Emma Gamboa: A ‘First’ Costa Rican Lady

With the world set to celebrate International Women’s Day tomorrow, it’s only fitting to introduce you to one of Costa Rica’s most notable. Non-Ticos may not know who Emma Gamboa was, but her face is familiar to all – that’s her on the ¢10,000 bill.

Gamboa was one of those people who stand out and make history, and in her field, education, she had an impressive list of “firsts.”

She was born Oct. 17, 1901, in the western Central Valley coffee town of San Ramón de Alajuela, far from the urban metropolitan area and at a time when women’s rights were still in the future. Even so, many women, even in San Ramón, managed to break the mold society set for them.

Gamboa’s mother, María Alvarado, had a hat factory that made hats for men and women, a good business when hats were a fashion must. An independent woman, she encouraged her three daughters to study as well as her three sons. All six went on to college.

After high school, Gamboa followed her older siblings to the former Escuela Normal, a training college for schoolteachers in Heredia, north of the capital, graduating in 1920.

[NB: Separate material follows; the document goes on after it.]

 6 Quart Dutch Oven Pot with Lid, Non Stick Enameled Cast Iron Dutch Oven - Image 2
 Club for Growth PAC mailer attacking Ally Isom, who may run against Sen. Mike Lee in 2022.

As a primary school teacher, she was well liked and respected because she believed in a philosophy of education that concerned the whole child, including character formation.

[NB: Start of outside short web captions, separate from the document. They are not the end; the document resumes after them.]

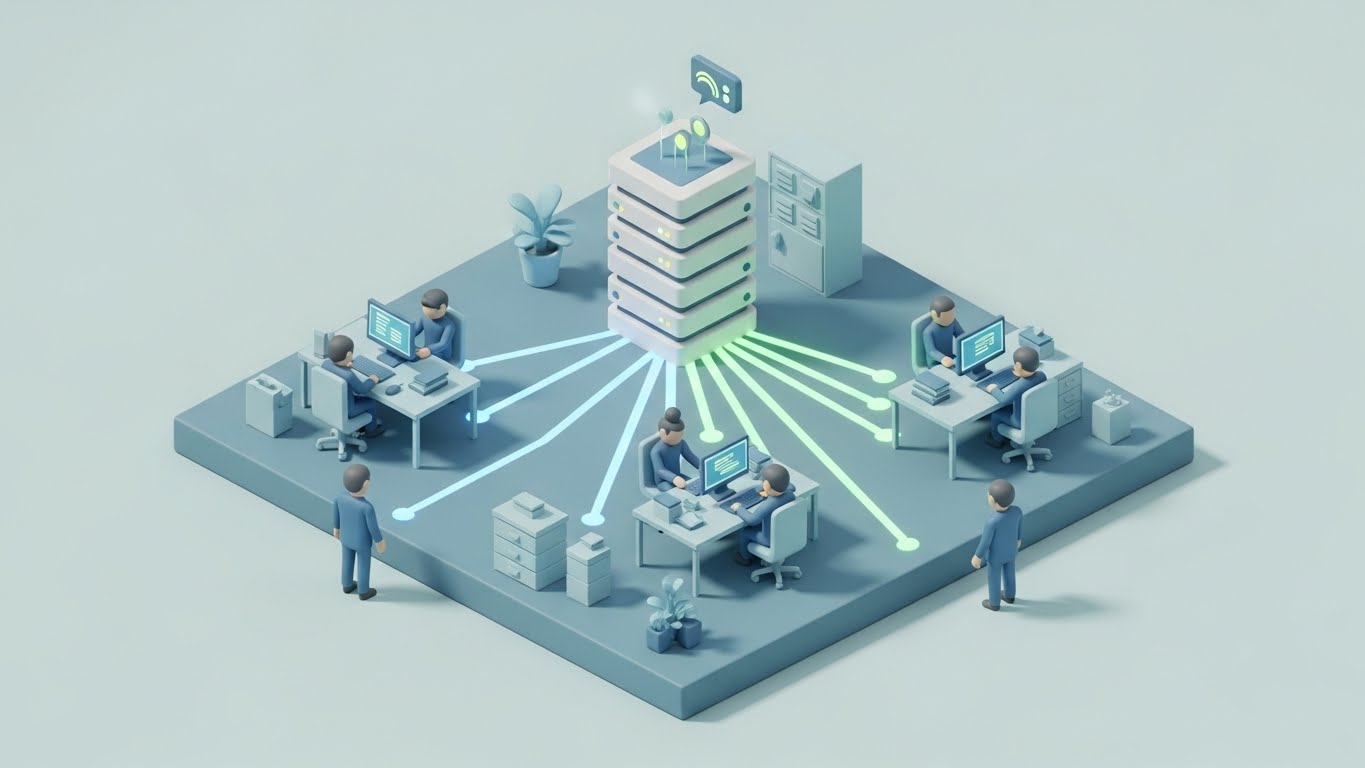 (Isometric 3D Workflow): Unified Ecosystem - Centralizing team collaboration.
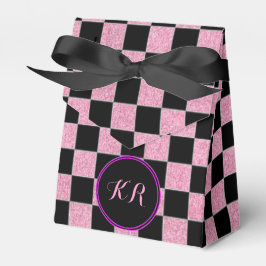 Glitterroze en zwarte vierkantjes bedankdoosjes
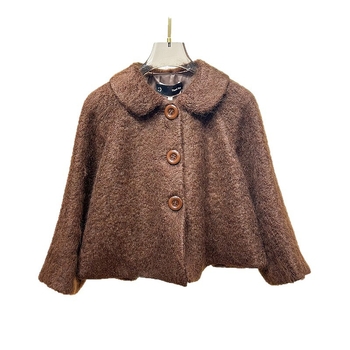 Palton de lână pentru femei, cu capă, guler Peter Pan, lungime medie, mâneci lungi, închidere cu nasturi, iarnă 2025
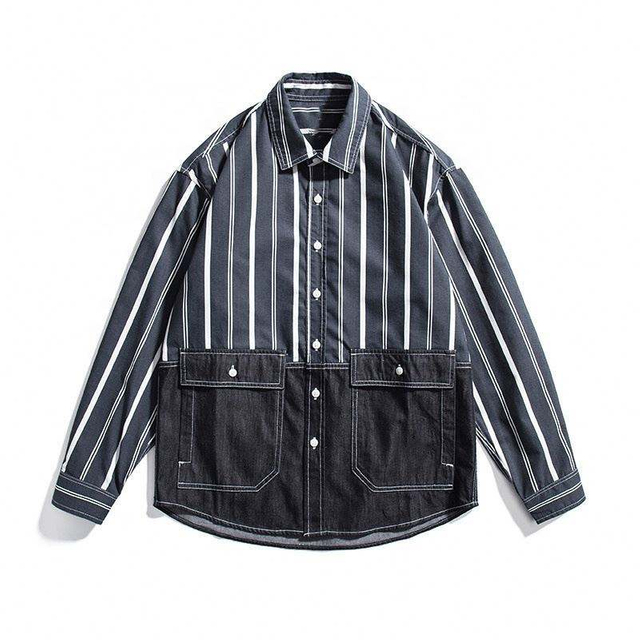 OEM Manufacturer Custom Service Men's Shirt Contrast Color Stitching Three-Dimensional Pocket Loose Shirts For Men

Ana Isabel Gamboa, niece of Emma and a psychologist from Heredia, has her aunt’s notebooks from those early years, in which she wrote out her “rules” for students.

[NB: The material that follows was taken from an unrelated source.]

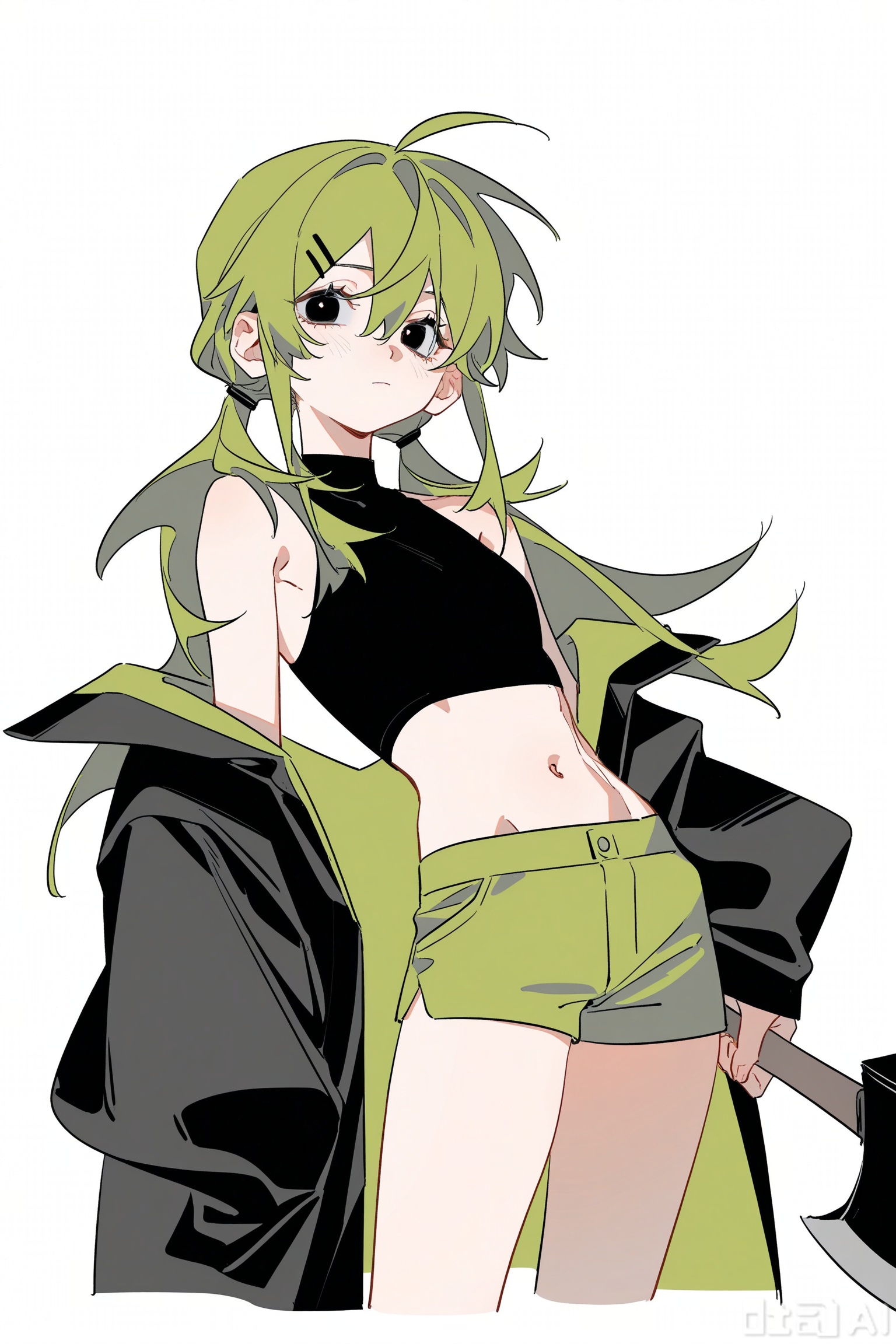 (artist: molu stranger),(artist: ccroquette:1.3), (artist: ASK:1.1), (artist: yoneyama ma i:0.8), (artist: INPLICK:0.7), artist: zhibuji loom,(artist: pottsness:0.5), artist: AU,Riko,high saturation,1girl, solo, long hair, looking at viewer, simple background, hair ornament, white background, closed mouth, jacket, ahoge, green hair, Double ponytails, low ponytails,shorts, sleeveless, hairclip, off shoulder, black eyes, coat, black jacket, cropped legs, axe, green shorts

“To become good Central American citizens one must practice self-control. ‘I will be the owner of my tongue and will not permit a vulgar or profane word. I will be the owner of my character and not allow anger when people or things go against me. I will be the owner of my thoughts and will never yield to wrong desires or desist from good intentions,’” she taught.

These rules were also imparted to student teachers. When the University of Costa Rica (UCR) started a department of education in the 1950s, Gamboa was one of its first professors.

In 1957 she started the university’s laboratory school for students to practice teaching and observe how young children learn.

Ana Isabel Gamboa recalls family stories about her aunt. Young Emma hadn’t started school yet but she trailed after her older sisters when they went to catechism classes, where she quickly learned all the prayers and responses. Disappointed at having to wait until she was 9 to make her first Communion, she begged the priest to review her prayers and catechism responses.

When he realized she was one of his brightest students, he let her make her first Communion at the tender age of 5. That was perhaps her first “first.”

Ana Isabel remembered how her aunt enjoyed the children in her family and encouraged them to learn.

“She asked us to tell stories, which she wrote out for us,” she said.

Seeing that the readers used in primary schools came from other countries and did not use Tico words, she wrote the book “Paco y Lola,” which was used to teach phonetic reading with a Costa Rican vocabulary. In recent years, the book lost favor because the text reflects gender roles from the past, but millions of children here learned to read with “Mamá amasa la masa” (“Mother kneads the dough”). Ana Isabel said she and family members want to revise and update the book.

Gamboa published many articles on education, and she was also a leading advocate for women’s rights in the 1930s and ’40s, before women had the right to vote. She campaigned for suffrage and urged other women, mothers of students and colleagues, to join the marches and demonstrations for the vote.

On Aug. 2, 1947, Gamboa was among the leaders of the 8,000 women who marched on the presidential home, then situated in downtown San José, west of Morazán Park and across from the National Culture Center (CENAC). That night the women decided to stay in the Central Park until the government gave in on the right to vote, but around 11 p.m. the lights were cut off and police fired into the air, causing panic.Voting rights were granted in 1948 by the provisional government following the civil war.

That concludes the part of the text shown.